話題 | 神奈川新聞 | 2018年5月21日(月) 17:32

屋良朝信さん
屋良朝信さん

 沖縄出身の両親と、子どもの頃訪れた沖縄の海辺の光景を、いまも忘れない。ウチナーンチュ(沖縄人)2世は、それを原風景と感じ、自身の歌で紡ぐ。

 2014年、自身が作詞・作曲した楽曲「ゆうな」をCDに収録した。海岸に自生し黄色い花を咲かせる沖縄を代表するユウナ(オオハマボウ)がテーマ。朝に開花し夕方には散る花を歌った。「赤っぽく変色した花が地面を埋めるとその日が終わると知らせてくれた」という。

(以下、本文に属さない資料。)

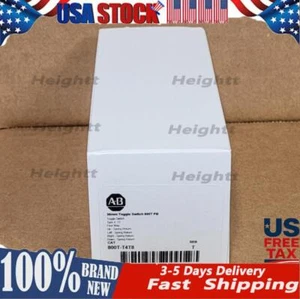 AB ALLEN-BRADLEY 800T-T4T8 800TT4T8 Interruttore a levetta NUOVO US Free Tax - Foto 1 di 4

 知人の音楽家でジオラマ作家の石井彰英さんが楽曲に着目し、音楽に海辺の風景など静止画像を添えた4分ほどの作品を制作。今年5月、動画投稿サイト「ユーチューブ」にアップした。作品をインターネット検索した友人たちから、「あの曲が発信力を強めて戻ってきたね」と褒められ、うれしそうだ。

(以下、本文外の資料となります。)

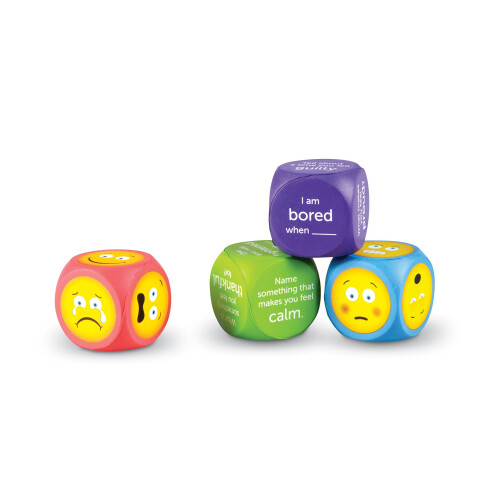 Learning Resources Learning Resources Soft Foam Emoji Cubes 2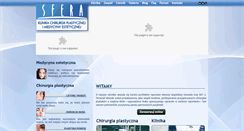 Desktop Screenshot of klinikasfera.pl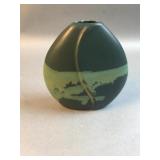 Art Pottery Vase ï¿½ Matte Green Drip Glaze ï¿½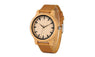 Watch for Men Women Bamboo Wood Quartz Watches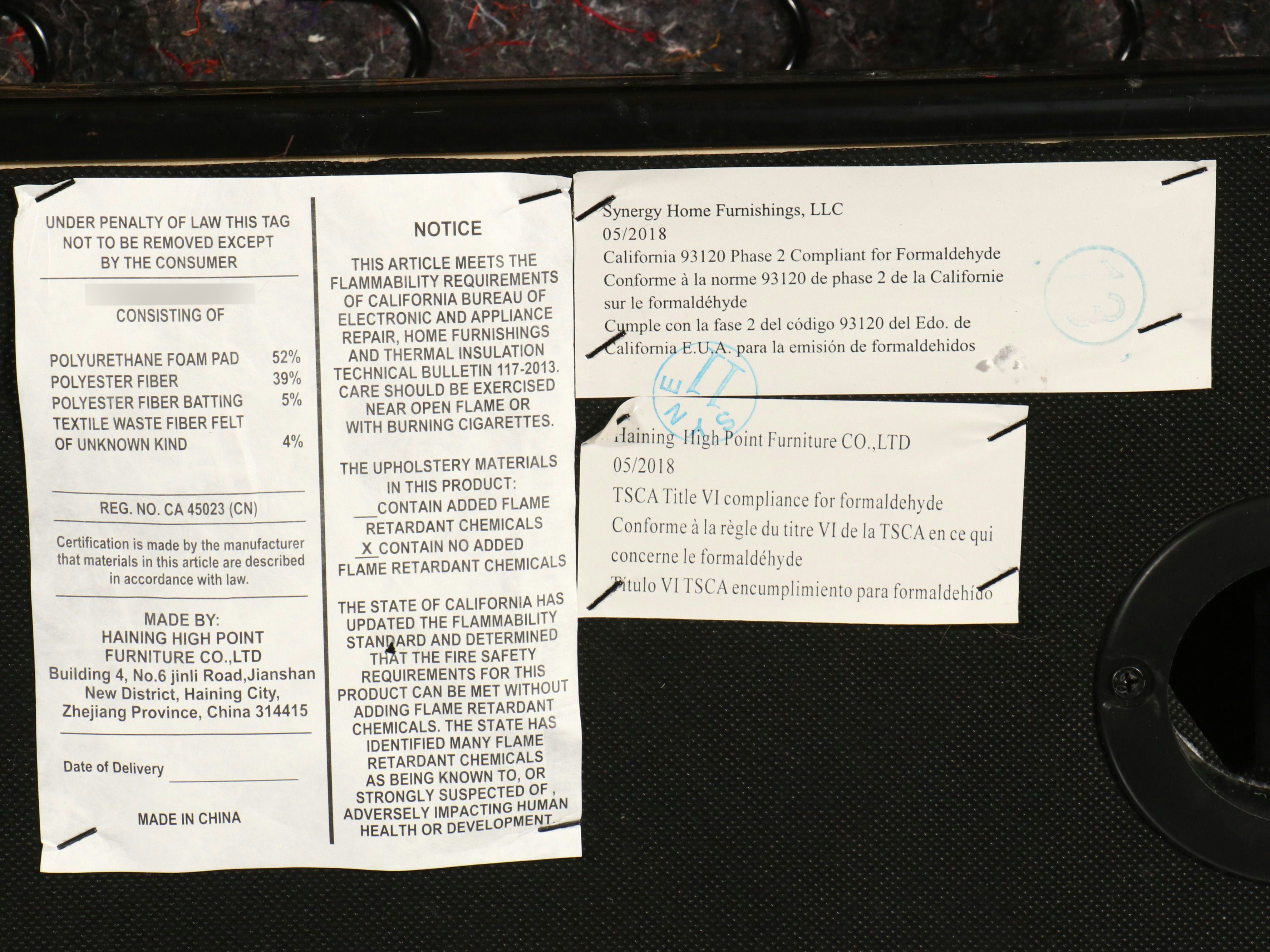 Synergy Home Furnishings Upholstered Manual Recliner, 2018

 歌は「海も空も かがやき ゆれる 生まれたばかりの 陽射しを浴びて こぼれ咲いてる 影をふみながら 時が忘れた道」としたためた。

 沖縄市(旧コザ市)出身の両親のもと、川崎市川崎区で生まれた。両親に連れられ何度も訪れた古里はベトナム戦争の時代。米軍の出撃拠点の沖縄では、先の命が分からない大勢の米兵が基地周辺で一時の享楽にふけっていた。

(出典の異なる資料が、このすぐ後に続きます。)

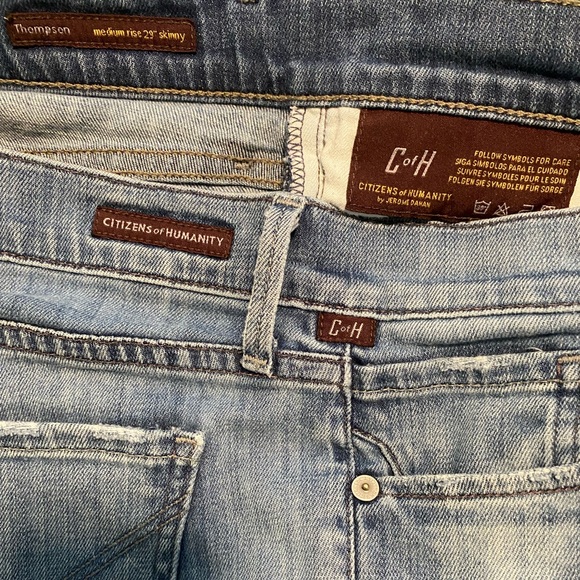 Citizens Of Humanity Blue Skinny Jeans - Picture 8 of 10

 「コザの米軍基地ゲート通りの近くに両親の本家があった。あるとき、米軍払い下げの品を扱う店で大きな袋を見せられた。戦争で死んだ兵士を運んだ袋だといい、この染みが血の痕だと。子ども相手に冗談を言って怖がらせたのかもしれないが」

 心に強い印象を受けた両親の出身地・沖縄。自身の原風景として残ったのは、基地のある沖縄ではなく、昔からの海の情景だった。「荒れた時代より、ジュゴンの生息する海の情景が沖縄らしいと思った。2世のDNAがそれを伝えろと背中を押した」

 「沖縄の親戚たちは、誰もが基地があることをいいとは思わない。ただ振興策で一部が潤う現実があり、基地問題はとてもデリケートだ。みんなに共通するのは沖縄の海辺や自然への愛情だ。それこそが原風景だろう」

 学生運動が盛んだった10代の終わり頃、在籍した都内の明治大では休講が続いた。作家・小田実さんの著書の影響を受けて休学、「何でも見てやろう」とバックパッカーの旅に出た。北欧や英国の街角で、ギターを抱えて日本の歌を歌った。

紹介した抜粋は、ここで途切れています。